(Dataset items)
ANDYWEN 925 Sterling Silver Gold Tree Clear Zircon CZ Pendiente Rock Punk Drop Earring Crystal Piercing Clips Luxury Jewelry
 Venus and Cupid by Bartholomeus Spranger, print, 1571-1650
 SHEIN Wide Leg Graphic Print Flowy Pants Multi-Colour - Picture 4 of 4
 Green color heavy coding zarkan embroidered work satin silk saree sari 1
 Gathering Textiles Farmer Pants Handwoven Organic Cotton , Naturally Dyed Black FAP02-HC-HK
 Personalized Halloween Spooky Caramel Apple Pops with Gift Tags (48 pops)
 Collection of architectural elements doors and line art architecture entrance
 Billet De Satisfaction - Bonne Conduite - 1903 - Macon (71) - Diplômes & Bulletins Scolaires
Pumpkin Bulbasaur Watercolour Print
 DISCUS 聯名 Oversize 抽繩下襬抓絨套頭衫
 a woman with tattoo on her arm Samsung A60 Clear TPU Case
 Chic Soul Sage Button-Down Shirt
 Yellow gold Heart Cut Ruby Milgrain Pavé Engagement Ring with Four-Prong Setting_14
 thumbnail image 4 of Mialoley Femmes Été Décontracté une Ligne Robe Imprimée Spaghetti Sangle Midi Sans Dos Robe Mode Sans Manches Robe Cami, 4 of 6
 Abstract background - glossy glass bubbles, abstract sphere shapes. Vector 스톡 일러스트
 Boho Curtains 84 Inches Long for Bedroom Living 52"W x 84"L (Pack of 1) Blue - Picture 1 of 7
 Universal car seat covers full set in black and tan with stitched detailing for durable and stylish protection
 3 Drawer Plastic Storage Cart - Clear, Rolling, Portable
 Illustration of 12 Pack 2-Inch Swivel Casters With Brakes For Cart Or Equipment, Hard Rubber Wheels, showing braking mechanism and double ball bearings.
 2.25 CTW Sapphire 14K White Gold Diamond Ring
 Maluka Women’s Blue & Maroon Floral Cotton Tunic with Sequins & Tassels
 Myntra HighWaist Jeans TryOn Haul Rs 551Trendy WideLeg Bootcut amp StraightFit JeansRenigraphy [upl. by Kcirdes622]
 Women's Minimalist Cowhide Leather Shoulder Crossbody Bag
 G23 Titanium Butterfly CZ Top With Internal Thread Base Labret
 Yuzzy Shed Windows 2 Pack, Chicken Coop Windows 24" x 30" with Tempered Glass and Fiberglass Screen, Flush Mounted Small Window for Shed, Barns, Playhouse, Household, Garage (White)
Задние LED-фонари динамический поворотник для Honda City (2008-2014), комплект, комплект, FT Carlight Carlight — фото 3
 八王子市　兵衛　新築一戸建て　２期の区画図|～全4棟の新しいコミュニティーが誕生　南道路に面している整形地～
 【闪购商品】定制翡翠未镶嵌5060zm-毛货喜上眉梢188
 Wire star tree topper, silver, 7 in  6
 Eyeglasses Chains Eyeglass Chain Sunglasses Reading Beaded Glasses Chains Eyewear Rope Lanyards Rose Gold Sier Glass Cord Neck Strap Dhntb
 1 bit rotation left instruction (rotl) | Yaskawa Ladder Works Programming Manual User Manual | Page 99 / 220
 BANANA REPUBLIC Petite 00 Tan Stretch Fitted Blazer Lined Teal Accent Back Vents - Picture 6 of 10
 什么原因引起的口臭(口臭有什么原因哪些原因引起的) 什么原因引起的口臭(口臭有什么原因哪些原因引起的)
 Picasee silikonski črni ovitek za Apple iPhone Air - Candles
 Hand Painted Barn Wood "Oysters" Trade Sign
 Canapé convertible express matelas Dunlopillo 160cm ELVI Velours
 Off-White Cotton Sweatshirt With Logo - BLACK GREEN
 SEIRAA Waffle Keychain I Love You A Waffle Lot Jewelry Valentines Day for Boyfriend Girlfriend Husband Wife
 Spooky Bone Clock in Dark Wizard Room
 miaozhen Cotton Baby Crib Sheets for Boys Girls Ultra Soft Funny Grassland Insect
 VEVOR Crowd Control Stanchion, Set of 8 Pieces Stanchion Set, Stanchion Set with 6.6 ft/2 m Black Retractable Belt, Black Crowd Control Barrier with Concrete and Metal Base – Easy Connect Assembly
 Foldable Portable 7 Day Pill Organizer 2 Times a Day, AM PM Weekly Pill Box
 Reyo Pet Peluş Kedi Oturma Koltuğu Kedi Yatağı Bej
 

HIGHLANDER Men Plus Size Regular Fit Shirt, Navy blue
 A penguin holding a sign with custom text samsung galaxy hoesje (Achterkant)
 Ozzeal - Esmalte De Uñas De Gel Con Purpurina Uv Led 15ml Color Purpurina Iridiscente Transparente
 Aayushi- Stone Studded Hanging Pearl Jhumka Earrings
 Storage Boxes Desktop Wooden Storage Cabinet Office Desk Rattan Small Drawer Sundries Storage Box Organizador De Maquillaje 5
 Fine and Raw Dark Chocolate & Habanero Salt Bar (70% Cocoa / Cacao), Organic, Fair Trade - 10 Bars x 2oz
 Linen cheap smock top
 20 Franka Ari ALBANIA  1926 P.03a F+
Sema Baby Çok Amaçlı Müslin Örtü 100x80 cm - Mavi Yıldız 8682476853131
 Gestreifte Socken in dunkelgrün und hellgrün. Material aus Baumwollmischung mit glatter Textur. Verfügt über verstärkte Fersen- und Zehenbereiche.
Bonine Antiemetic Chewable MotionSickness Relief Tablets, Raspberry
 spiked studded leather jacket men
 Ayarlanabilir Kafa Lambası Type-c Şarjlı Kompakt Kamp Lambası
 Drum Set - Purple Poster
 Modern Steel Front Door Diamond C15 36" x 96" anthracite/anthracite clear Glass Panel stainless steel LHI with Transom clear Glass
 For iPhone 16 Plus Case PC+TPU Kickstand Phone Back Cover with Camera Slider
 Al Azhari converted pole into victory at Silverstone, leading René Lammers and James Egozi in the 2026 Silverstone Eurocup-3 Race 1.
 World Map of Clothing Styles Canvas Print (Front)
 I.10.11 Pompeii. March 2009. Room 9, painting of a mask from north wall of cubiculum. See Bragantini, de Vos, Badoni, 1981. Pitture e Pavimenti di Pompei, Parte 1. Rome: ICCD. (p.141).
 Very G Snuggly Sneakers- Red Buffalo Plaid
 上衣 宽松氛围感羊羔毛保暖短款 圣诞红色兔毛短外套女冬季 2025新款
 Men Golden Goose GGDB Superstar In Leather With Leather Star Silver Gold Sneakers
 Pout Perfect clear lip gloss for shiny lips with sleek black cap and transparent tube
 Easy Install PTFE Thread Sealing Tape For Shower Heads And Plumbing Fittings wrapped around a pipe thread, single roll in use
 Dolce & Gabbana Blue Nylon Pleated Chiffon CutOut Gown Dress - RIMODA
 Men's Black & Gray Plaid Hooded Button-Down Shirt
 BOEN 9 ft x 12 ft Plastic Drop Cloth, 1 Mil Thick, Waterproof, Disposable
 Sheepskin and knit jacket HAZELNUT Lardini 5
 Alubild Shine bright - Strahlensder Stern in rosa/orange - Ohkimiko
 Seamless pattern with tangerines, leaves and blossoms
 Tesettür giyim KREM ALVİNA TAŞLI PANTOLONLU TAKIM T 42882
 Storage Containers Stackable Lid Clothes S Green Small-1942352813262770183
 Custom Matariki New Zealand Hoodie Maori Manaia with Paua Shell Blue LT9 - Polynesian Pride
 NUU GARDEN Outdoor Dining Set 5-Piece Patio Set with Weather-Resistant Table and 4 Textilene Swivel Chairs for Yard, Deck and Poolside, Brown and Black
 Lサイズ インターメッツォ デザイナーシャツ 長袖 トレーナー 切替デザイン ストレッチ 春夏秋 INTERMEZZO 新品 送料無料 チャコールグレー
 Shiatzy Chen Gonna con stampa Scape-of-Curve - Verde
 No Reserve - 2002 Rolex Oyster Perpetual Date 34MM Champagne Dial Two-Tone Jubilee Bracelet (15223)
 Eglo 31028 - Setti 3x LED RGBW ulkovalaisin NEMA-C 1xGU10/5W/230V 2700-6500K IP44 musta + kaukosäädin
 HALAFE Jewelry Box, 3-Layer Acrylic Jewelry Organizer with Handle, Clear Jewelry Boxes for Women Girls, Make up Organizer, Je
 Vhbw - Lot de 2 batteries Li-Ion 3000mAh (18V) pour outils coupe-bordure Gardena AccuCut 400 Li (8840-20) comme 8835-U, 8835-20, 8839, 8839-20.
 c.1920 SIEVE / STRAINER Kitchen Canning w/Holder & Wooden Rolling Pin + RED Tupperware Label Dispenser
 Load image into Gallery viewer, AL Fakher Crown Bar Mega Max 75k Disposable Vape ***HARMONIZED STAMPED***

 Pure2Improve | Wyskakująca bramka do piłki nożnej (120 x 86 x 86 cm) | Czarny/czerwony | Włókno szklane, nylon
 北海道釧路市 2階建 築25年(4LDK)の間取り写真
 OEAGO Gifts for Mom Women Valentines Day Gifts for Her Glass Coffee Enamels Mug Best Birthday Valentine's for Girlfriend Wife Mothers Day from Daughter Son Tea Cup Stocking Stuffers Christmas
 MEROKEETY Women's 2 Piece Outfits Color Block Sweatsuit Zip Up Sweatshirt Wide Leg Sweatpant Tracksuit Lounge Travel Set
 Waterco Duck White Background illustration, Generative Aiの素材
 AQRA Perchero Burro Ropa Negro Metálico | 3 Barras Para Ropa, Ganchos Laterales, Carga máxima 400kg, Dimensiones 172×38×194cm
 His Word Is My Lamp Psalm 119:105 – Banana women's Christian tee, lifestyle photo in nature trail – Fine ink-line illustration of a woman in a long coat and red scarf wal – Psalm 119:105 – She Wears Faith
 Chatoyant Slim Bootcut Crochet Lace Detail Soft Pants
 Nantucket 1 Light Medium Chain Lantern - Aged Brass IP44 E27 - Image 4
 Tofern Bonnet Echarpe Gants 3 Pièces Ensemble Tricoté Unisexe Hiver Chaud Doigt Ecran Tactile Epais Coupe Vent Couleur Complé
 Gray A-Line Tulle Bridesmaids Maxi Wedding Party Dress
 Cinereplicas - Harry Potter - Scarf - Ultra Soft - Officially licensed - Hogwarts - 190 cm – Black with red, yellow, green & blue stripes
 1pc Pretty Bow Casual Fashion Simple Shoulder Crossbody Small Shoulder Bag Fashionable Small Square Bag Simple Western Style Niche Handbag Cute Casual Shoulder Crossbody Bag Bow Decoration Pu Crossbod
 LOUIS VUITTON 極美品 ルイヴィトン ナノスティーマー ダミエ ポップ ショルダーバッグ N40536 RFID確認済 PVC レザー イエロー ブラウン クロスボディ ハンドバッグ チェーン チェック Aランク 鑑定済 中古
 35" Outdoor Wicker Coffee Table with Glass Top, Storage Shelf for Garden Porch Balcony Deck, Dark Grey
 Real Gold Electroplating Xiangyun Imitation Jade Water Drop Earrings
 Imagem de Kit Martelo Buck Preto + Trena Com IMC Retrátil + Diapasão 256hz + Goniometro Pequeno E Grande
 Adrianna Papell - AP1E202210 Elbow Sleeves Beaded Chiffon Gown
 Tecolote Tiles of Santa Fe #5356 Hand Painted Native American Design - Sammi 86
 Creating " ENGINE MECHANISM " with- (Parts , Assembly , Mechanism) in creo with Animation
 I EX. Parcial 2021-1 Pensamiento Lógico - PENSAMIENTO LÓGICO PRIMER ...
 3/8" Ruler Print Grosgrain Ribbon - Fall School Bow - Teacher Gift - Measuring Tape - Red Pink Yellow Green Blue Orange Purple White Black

## PROBLEM TO WORK ON
Search the records above for the string "Chiffon". Report each line that has it.

## REPLY TO THE TASK
 Dolce & Gabbana Blue Nylon Pleated Chiffon CutOut Gown Dress - RIMODA
 Adrianna Papell - AP1E202210 Elbow Sleeves Beaded Chiffon Gown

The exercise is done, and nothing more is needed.